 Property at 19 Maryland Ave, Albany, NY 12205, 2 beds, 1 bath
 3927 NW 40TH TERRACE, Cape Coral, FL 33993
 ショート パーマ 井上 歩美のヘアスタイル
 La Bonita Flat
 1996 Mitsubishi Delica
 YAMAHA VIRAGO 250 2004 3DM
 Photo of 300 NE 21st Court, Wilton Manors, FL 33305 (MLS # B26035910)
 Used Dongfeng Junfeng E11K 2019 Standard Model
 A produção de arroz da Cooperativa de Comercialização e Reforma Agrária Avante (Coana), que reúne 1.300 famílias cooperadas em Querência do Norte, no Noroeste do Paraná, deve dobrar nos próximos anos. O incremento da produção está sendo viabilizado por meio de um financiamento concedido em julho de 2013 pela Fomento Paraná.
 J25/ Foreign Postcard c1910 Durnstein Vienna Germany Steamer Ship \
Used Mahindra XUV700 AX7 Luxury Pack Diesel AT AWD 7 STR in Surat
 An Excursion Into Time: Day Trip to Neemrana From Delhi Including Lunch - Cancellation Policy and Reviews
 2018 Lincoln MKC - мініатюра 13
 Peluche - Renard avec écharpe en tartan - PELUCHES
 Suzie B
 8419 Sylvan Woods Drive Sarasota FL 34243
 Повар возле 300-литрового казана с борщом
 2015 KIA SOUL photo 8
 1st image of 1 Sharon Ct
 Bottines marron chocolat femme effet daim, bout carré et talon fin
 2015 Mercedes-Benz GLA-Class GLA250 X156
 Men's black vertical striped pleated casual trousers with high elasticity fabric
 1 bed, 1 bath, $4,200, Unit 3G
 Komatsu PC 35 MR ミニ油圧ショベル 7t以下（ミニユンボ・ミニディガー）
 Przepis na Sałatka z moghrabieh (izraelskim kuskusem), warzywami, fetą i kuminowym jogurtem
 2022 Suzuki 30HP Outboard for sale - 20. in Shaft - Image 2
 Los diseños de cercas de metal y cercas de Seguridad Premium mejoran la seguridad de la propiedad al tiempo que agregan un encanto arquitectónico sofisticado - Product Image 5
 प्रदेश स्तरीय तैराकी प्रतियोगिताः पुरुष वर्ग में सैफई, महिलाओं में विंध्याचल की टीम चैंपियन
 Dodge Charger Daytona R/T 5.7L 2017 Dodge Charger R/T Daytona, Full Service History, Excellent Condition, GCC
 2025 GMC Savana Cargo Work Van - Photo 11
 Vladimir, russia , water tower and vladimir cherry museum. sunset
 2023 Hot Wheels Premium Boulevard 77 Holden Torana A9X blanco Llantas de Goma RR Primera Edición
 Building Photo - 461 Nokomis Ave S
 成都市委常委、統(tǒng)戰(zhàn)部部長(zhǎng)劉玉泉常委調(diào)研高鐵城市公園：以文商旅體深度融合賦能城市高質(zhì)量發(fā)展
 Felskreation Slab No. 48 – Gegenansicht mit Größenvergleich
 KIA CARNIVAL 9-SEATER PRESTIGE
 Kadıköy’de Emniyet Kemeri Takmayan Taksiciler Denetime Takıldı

• • • • •

_DIRECTIONS FOR THIS TASK_
Reproduce the lines above. Leave each one as it is.

_WRITTEN ANSWER_
 Property at 19 Maryland Ave, Albany, NY 12205, 2 beds, 1 bath
 3927 NW 40TH TERRACE, Cape Coral, FL 33993
 ショート パーマ 井上 歩美のヘアスタイル
 La Bonita Flat
 1996 Mitsubishi Delica
 YAMAHA VIRAGO 250 2004 3DM
 Photo of 300 NE 21st Court, Wilton Manors, FL 33305 (MLS # B26035910)
 Used Dongfeng Junfeng E11K 2019 Standard Model
 A produção de arroz da Cooperativa de Comercialização e Reforma Agrária Avante (Coana), que reúne 1.300 famílias cooperadas em Querência do Norte, no Noroeste do Paraná, deve dobrar nos próximos anos. O incremento da produção está sendo viabilizado por meio de um financiamento concedido em julho de 2013 pela Fomento Paraná.
 J25/ Foreign Postcard c1910 Durnstein Vienna Germany Steamer Ship \
Used Mahindra XUV700 AX7 Luxury Pack Diesel AT AWD 7 STR in Surat
 An Excursion Into Time: Day Trip to Neemrana From Delhi Including Lunch - Cancellation Policy and Reviews
 2018 Lincoln MKC - мініатюра 13
 Peluche - Renard avec écharpe en tartan - PELUCHES
 Suzie B
 8419 Sylvan Woods Drive Sarasota FL 34243
 Повар возле 300-литрового казана с борщом
 2015 KIA SOUL photo 8
 1st image of 1 Sharon Ct
 Bottines marron chocolat femme effet daim, bout carré et talon fin
 2015 Mercedes-Benz GLA-Class GLA250 X156
 Men's black vertical striped pleated casual trousers with high elasticity fabric
 1 bed, 1 bath, $4,200, Unit 3G
 Komatsu PC 35 MR ミニ油圧ショベル 7t以下（ミニユンボ・ミニディガー）
 Przepis na Sałatka z moghrabieh (izraelskim kuskusem), warzywami, fetą i kuminowym jogurtem
 2022 Suzuki 30HP Outboard for sale - 20. in Shaft - Image 2
 Los diseños de cercas de metal y cercas de Seguridad Premium mejoran la seguridad de la propiedad al tiempo que agregan un encanto arquitectónico sofisticado - Product Image 5
 प्रदेश स्तरीय तैराकी प्रतियोगिताः पुरुष वर्ग में सैफई, महिलाओं में विंध्याचल की टीम चैंपियन
 Dodge Charger Daytona R/T 5.7L 2017 Dodge Charger R/T Daytona, Full Service History, Excellent Condition, GCC
 2025 GMC Savana Cargo Work Van - Photo 11
 Vladimir, russia , water tower and vladimir cherry museum. sunset
 2023 Hot Wheels Premium Boulevard 77 Holden Torana A9X blanco Llantas de Goma RR Primera Edición
 Building Photo - 461 Nokomis Ave S
 成都市委常委、統(tǒng)戰(zhàn)部部長(zhǎng)劉玉泉常委調(diào)研高鐵城市公園：以文商旅體深度融合賦能城市高質(zhì)量發(fā)展
 Felskreation Slab No. 48 – Gegenansicht mit Größenvergleich
 KIA CARNIVAL 9-SEATER PRESTIGE
 Kadıköy’de Emniyet Kemeri Takmayan Taksiciler Denetime Takıldı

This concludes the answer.